*** Block opens ***

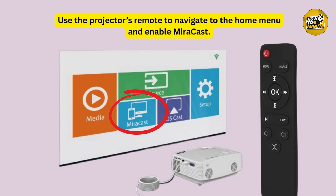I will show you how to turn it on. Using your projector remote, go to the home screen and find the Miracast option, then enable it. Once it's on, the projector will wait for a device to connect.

*** Block closes ***
*** Block opens ***

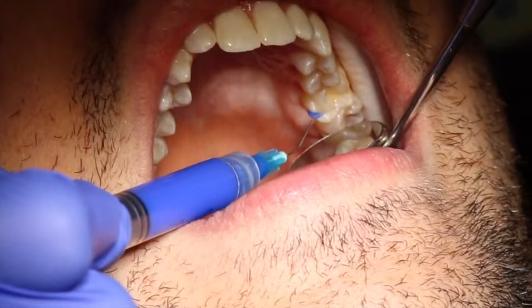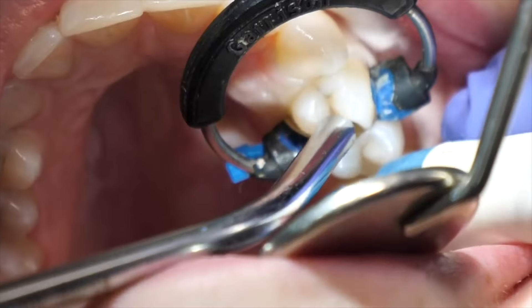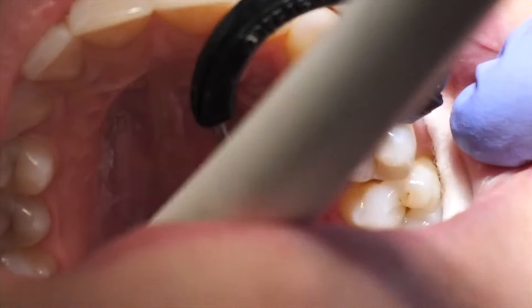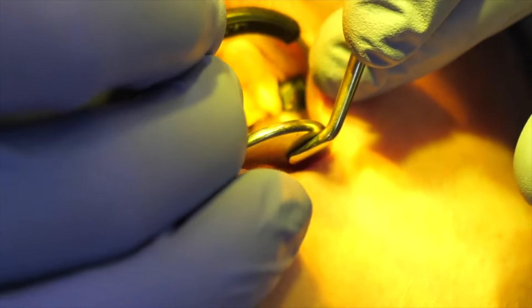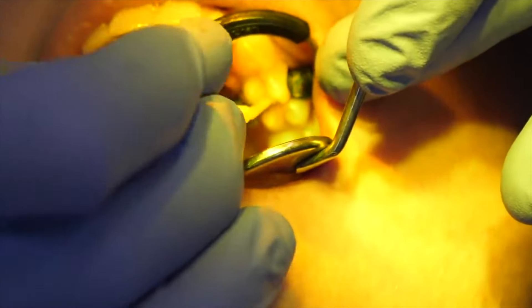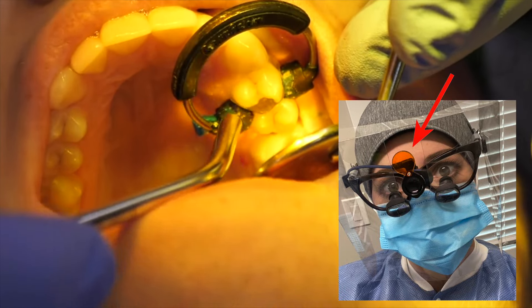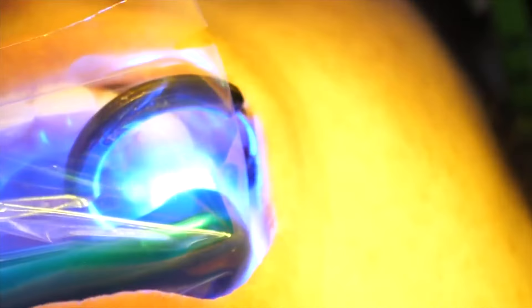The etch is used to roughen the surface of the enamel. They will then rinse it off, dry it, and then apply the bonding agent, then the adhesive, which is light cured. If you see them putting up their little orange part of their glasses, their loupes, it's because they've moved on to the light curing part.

*** Block closes ***
*** Block opens ***

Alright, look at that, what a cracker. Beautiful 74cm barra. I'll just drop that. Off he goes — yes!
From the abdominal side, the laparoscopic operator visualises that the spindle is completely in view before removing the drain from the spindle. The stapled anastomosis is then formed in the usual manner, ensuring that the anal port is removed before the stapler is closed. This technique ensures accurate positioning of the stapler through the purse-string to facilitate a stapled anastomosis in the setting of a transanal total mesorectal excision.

*** Block closes ***

## Description of the task
Which lines of the entries above contain the string "that"? Copy each one.

## Response to the exercise
Alright, look at that, what a cracker. Beautiful 74cm barra. I'll just drop that. Off he goes — yes!
From the abdominal side, the laparoscopic operator visualises that the spindle is completely in view before removing the drain from the spindle. The stapled anastomosis is then formed in the usual manner, ensuring that the anal port is removed before the stapler is closed. This technique ensures accurate positioning of the stapler through the purse-string to facilitate a stapled anastomosis in the setting of a transanal total mesorectal excision.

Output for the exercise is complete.